I'm using s3sync to upload the data files, but you can use anything you want provided you get the data into S3 with the correct bucket and key name.

Generating an EC2 Key Pair

We need a key pair to enable us to SSH onto our Hive cluster, when we've started it. If you don't have a suitable key pair already, sign in to the Amazon Web Services console and go to the Amazon EC2 tab. Near the bottom of the left-hand column, use the "Key Pairs" function to generate a key pair and save the secret key to your local machine.

Be aware of the "Region" you're using - key pairs will only work for servers of the same region. I'm using "EU-West", but it doesn't matter which you use, as long as you're consistent.

Starting Hive

Sign in to the Amazon Web Services console and go to the Amazon Elastic MapReduce tab (you won't see the tab if you haven't signed up to the service, so make sure you do that first).

Click "Create New Job Flow". Make sure you're using the same region you used when you generated your key pair.

Give the job flow a name, and select "Hive Program" for the job type.

On the next screen, choose "Start an Interactive Hive Session".

On the next screen, we choose the number and size of the machines we want to comprise our cluster. In real life use, using a lot of big machines will make things go faster. For the purpose of this exercise, one small instance will do. We're not doing anything heavyweight here, and we only have one data file, so there isn't much point spending the extra money to run lots of large machines.

Select the key pair you generated earlier, and start the job flow. Don't forget to terminate the job flow when you've finished, otherwise you'll be paying to keep an idle cluster going.

Now we have to wait for the cluster to start up and reach the point where it's ready to do some work. This usually takes a few minutes.

When the job flow status is "WAITING", click on the job flow and scroll down in the lower pane to get the "Master Public DNS Name" assigned to your cluster so that we can SSH to it.

From a terminal window, ssh onto your cluster like this;

ssh -i key/hive.pem hadoop@ec2-79-125-30-42.eu-west-1.compute.amazonaws.com

Replace key/hive.pem with the location and filename of the secret key you created and saved earlier.

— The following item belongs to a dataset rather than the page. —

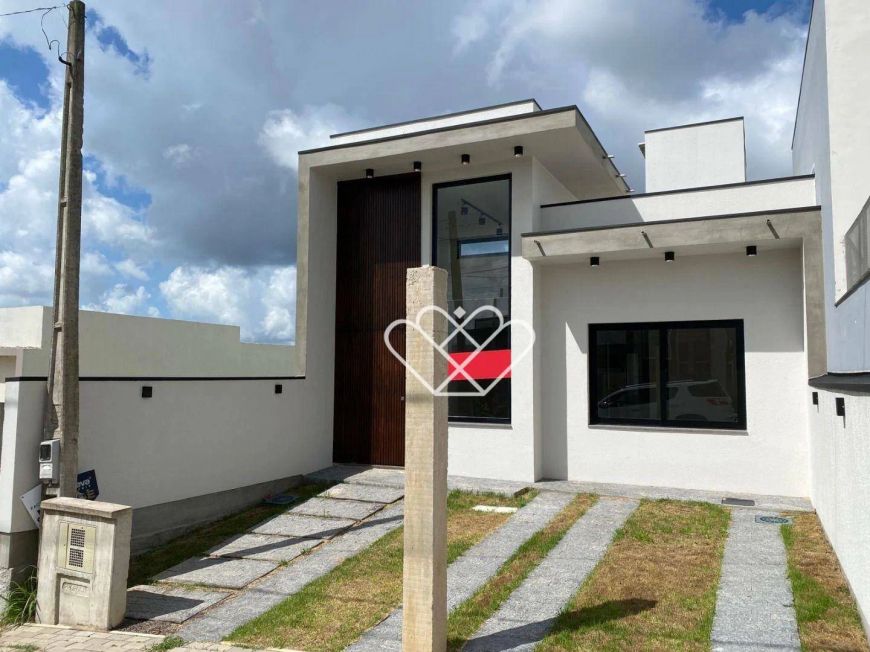 Casa Charmosa com Piscina e Varanda Gourmet no Reserva Bela Vista, Gravataí – Seu Novo Lar!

Replace "ec2-79-125-30-42.eu-west-1.compute.amazonaws.com" with the Master Public DNS Name of your cluster. The username 'hadoop' is required.

You should now have a terminal prompt like this;

Type "hive" to get to the hive console. This is an interactive shell that works in a similar way to the "mysql" command-line client.

Creating a table

We're almost ready to start querying our data. First, we have to tell Hive where it is, and what kind of data is contained in our file.

Type these lines into the hive shell;

hive> create external table wordfreqs (freq int, word string)
> row format delimited fields terminated by '\t'
> stored as textfile
> location 's3://hive-emr/tables/wordfreqs';
Time taken: 1.29 seconds

Note that we didn't need to put "shakespeare.txt" as part of the location. Hive will look at the location we gave it and, provided all the "files" in that "directory" have the right kind of contents (lines consisting of an integer, a tab character and a string), all of their contents will be accessible in the 'wordfreqs' table.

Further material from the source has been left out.